Your copy of the data should match it exactly, except that the pictures are gone.

Source material section start

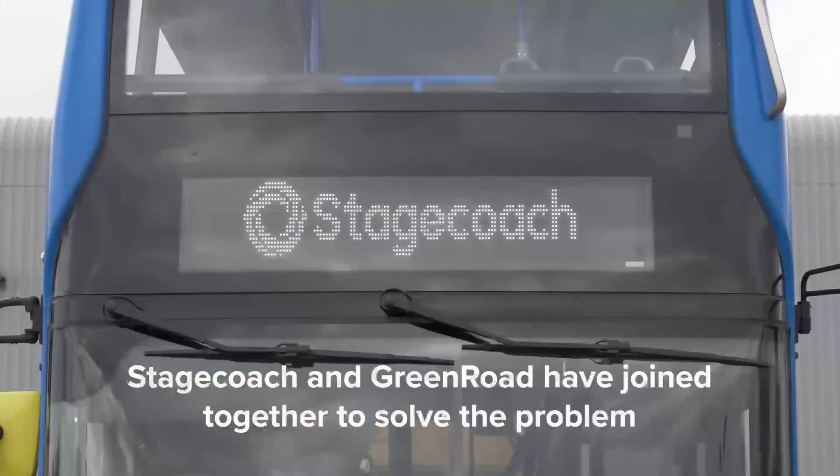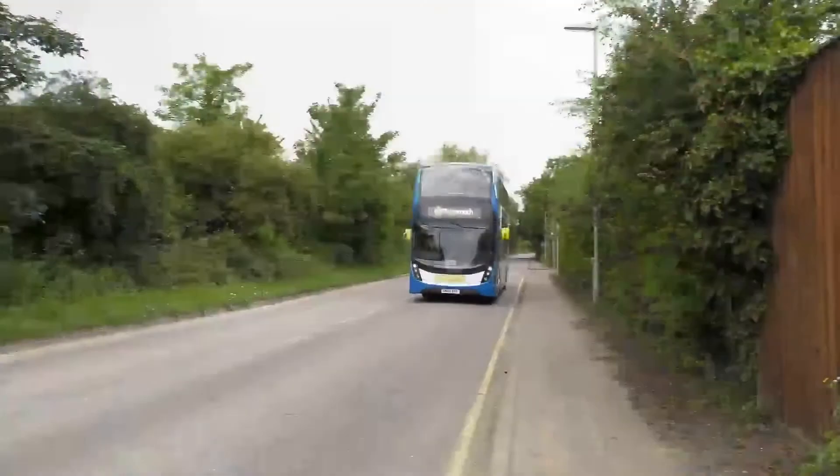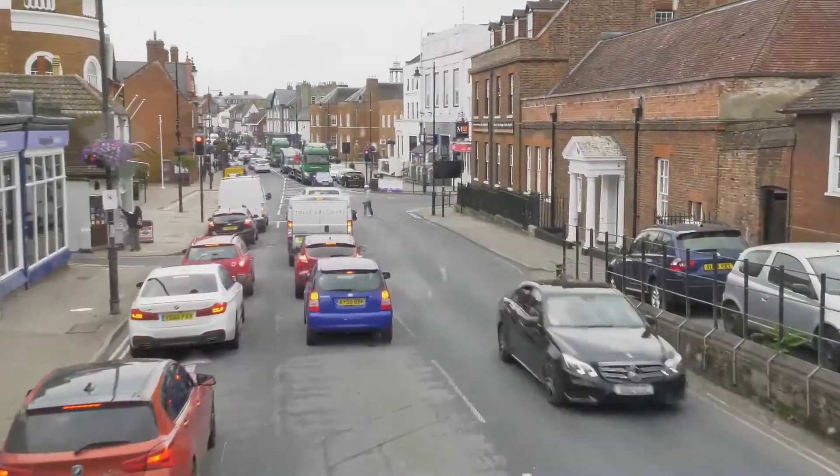It's great that Stagecoach is investing in innovative new safety software like this, and we're proud to be the first to trial it here in Cambridge before the UK rollout.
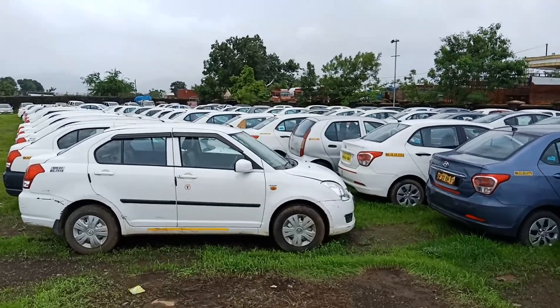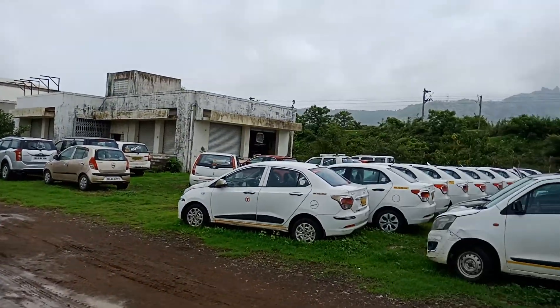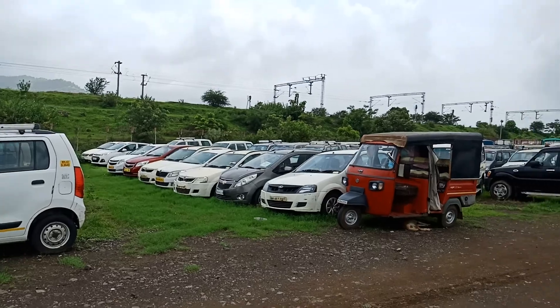This is just one of the grounds. There are about three grounds like this in this area alone. As far as you can see, there are used cars.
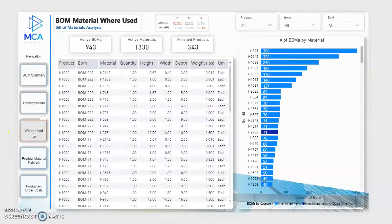Quickly view where all of your items or sub-components are being used with their relevant dimensions, as well as the top number of bill of materials created by each specific item.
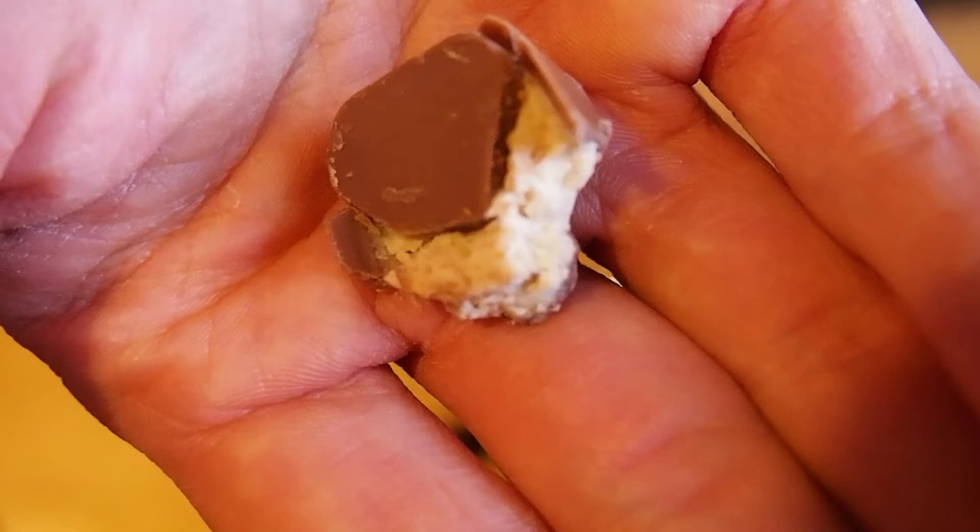Coconut — who wants the coconut candy? Let me know — are you a fan of coconut candies? Do you like coconut? Then again chocolate toffee, we're gonna skip that one. Crisp next.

Source material section end

**Answer for this exercise:**
It's great that Stagecoach is investing in innovative new safety software like this, and we're proud to be the first to trial it here in Cambridge before the UK rollout.
This is just one of the grounds. There are about three grounds like this in this area alone. As far as you can see, there are used cars.
Quickly view where all of your items or sub-components are being used with their relevant dimensions, as well as the top number of bill of materials created by each specific item.
Coconut — who wants the coconut candy? Let me know — are you a fan of coconut candies? Do you like coconut? Then again chocolate toffee, we're gonna skip that one. Crisp next.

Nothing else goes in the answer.